Alexander (a former law judge himself) criticized the decision, noting, if anybody, that a group of a bunch of high-profile lawyers ought to be able to figure out Louisiana law in this instance. However, the EAB reviewed the evidence and determined that while the ad in question did represent campaign speech and was covered, the entity was something that had to file, and the entity was in violation, that the entity did not have to pay a penalty if the reports were not filed by the end of last Friday (no record of the filing is evident but the Louisiana Ethics Administration Program may not have posted it yet).

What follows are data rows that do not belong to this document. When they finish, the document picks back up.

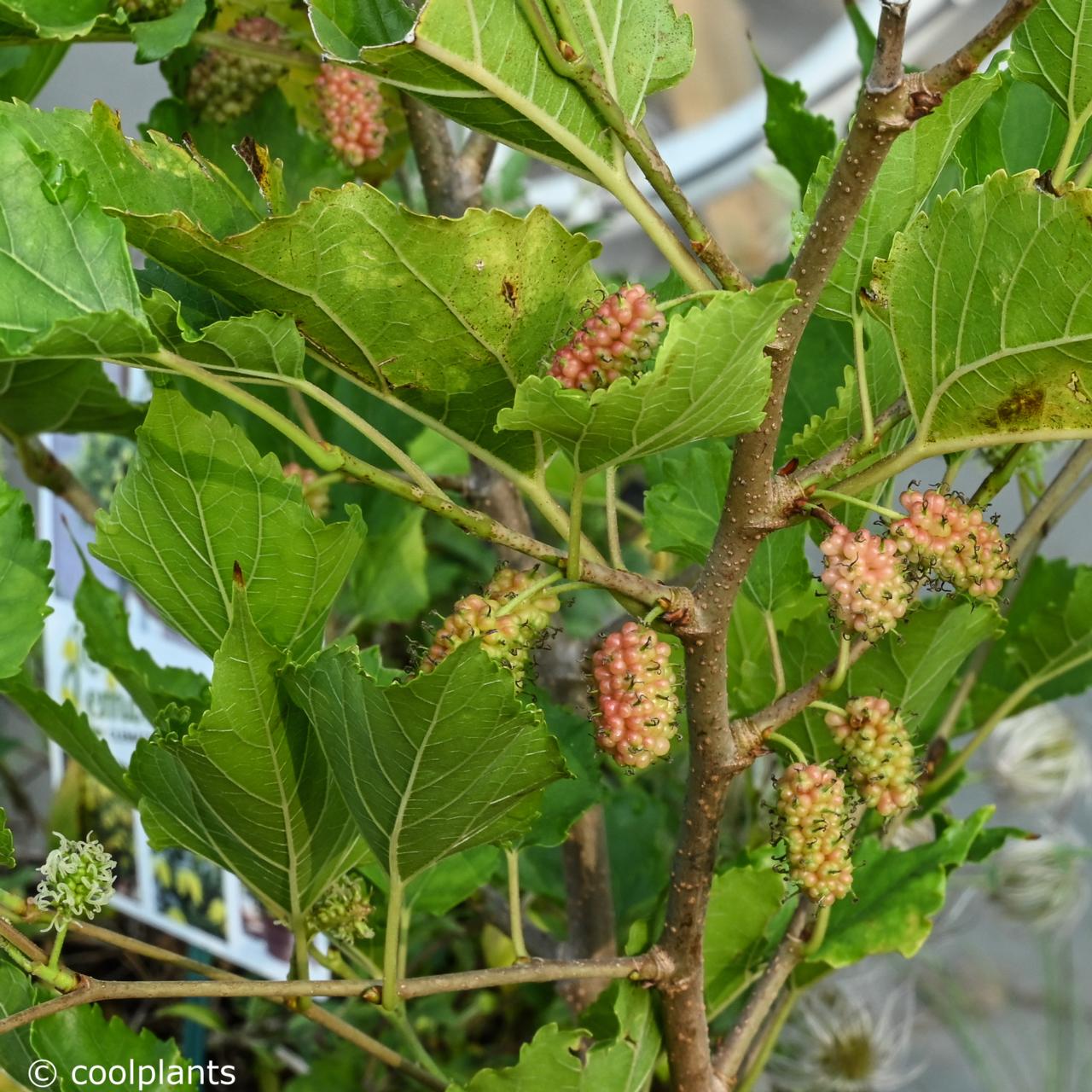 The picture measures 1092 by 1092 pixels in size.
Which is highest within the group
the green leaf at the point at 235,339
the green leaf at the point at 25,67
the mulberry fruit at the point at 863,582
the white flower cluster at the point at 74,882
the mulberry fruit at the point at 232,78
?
the green leaf at the point at 25,67

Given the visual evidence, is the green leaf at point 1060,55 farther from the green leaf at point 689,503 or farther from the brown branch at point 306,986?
the brown branch at point 306,986

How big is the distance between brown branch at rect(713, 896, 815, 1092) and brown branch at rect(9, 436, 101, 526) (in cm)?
31

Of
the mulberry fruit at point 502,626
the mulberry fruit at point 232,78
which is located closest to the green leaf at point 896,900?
the mulberry fruit at point 502,626

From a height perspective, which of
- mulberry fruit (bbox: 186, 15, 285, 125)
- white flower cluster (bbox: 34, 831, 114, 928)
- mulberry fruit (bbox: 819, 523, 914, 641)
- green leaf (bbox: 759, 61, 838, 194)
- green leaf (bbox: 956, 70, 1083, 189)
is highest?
mulberry fruit (bbox: 186, 15, 285, 125)

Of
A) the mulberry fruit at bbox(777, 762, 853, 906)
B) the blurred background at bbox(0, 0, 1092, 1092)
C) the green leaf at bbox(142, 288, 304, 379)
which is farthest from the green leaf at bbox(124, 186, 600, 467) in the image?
the blurred background at bbox(0, 0, 1092, 1092)

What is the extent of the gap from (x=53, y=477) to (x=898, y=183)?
0.37 m

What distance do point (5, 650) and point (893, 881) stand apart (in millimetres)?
258

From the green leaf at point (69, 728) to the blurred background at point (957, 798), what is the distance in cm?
46

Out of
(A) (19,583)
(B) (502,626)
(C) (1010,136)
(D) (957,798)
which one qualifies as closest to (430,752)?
(B) (502,626)

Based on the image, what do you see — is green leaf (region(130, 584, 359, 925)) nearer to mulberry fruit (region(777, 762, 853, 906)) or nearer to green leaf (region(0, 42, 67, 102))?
mulberry fruit (region(777, 762, 853, 906))

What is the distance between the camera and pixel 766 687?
43 cm

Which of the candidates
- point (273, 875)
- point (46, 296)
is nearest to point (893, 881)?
point (273, 875)

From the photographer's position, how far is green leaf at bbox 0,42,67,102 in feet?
1.49

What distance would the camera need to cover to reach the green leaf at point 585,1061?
34 cm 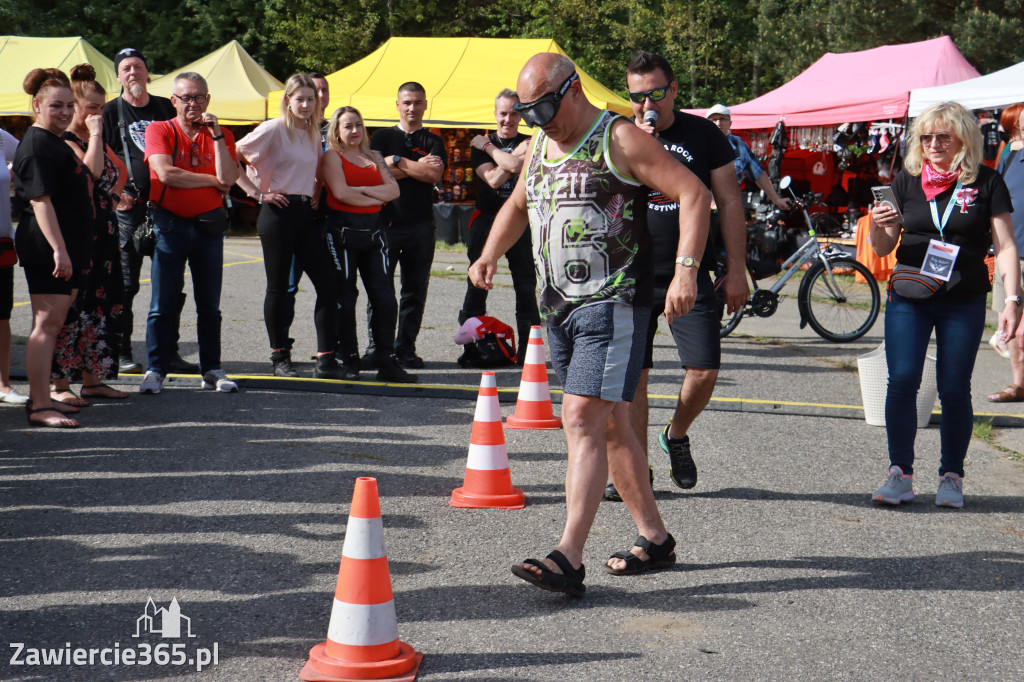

The EAB was explicit in why it would not impose penalties immediately for the past offense: “There was no evidence presented by the Board of Ethics as to LJF’s knowledge that it was required to file the reports,” and then goes into a detailed footnote of why it concluded that, according to the vagaries of Louisiana statute, the Board had not met this burden of proof. In fact, the Board’s staff, it was noted, called no witnesses, a process that could have revealed that there was knowledge of these reporting requirements.

So understand that the reason for high dudgeon from various Board members is to hide the embarrassing fact they sabotaged their own case by not being thorough – a lacking which has been intimated from the results of others previous cases as well. This should not be surprising that, with the agency having been all of prosecutor, judge, and jury for so long, a true adversarial process had been unavailable to sharpen the agency’s skills in providing compelling cases to neutral third parties. And it points to the fact that the quality of decisions as a result of the change probably therefore have improved (as a point of reference, compare the sophistication of the decision in this case as to that of a high-profile case in the recent past decided by the Board).

Nevertheless, even if somebody is right for the wrong reason, they’re still right, in this instance that this incident supports the idea of appeal authority should be granted to the Board. Particularly where a law judge panel is going to rule on the substance of statute – as it did in parsing Louisiana law to determine the standard for “knowingly” – such a case deserves to enter into the regular state judiciary.

Legislation to do this as well as to lengthen the terms of the administrative law judges assigned to hear ethics matters (to allow them to develop more expertise) in these cases sits within the Legislature this session. The amending process can be used to define better “knowingly” so as to keep that out of the hands of judges of any kind in the first place. So far the bills (HB 1179 and HB 1202) granting appeal power gather dust. Such changes deserve to pass into law this session that, besides creating better jurisprudence, will save the Board from its own shortcomings.